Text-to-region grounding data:
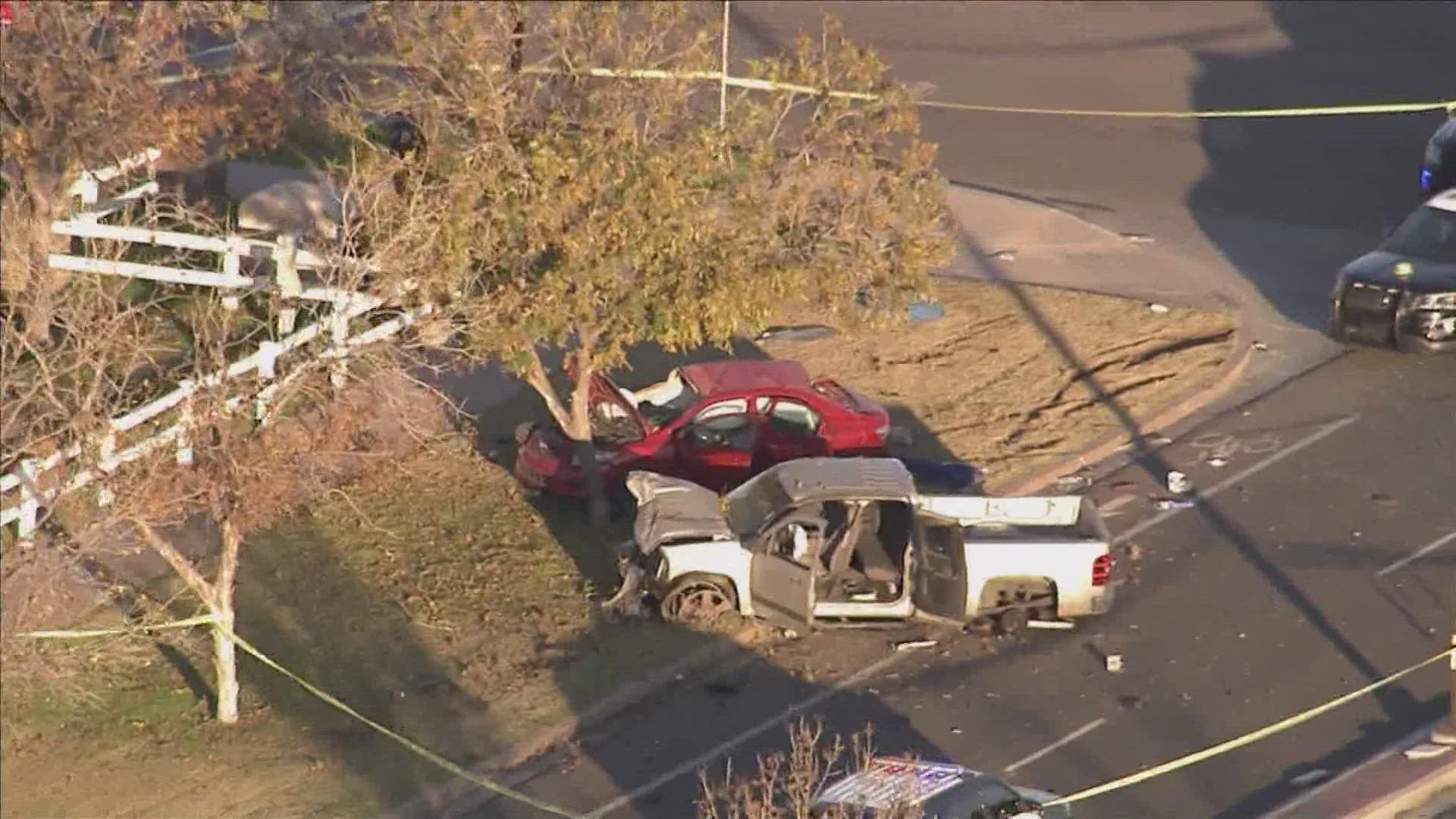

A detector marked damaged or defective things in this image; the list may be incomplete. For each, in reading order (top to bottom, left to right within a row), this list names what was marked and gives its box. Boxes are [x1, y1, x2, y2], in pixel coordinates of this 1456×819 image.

crashed car [1420, 107, 1456, 193]
crashed car [1333, 187, 1456, 351]
crushed vehicle roof [678, 358, 815, 393]
crashed car [512, 358, 896, 498]
damaged car hood [626, 469, 733, 551]
crushed vehicle roof [629, 469, 739, 551]
crushed vehicle roof [751, 451, 908, 504]
crashed car [602, 454, 1112, 626]
crashed car [809, 752, 1072, 816]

WORK ORDER: Verbatim repetition of the entries is required, excluding any pictures.

ANSWER TO THE EXERCISE:
A detector marked damaged or defective things in this image; the list may be incomplete. For each, in reading order (top to bottom, left to right within a row), this list names what was marked and gives its box. Boxes are [x1, y1, x2, y2], in pixel coordinates of this 1456×819 image.

crashed car [1420, 107, 1456, 193]
crashed car [1333, 187, 1456, 351]
crushed vehicle roof [678, 358, 815, 393]
crashed car [512, 358, 896, 498]
damaged car hood [626, 469, 733, 551]
crushed vehicle roof [629, 469, 739, 551]
crushed vehicle roof [751, 451, 908, 504]
crashed car [602, 454, 1112, 626]
crashed car [809, 752, 1072, 816]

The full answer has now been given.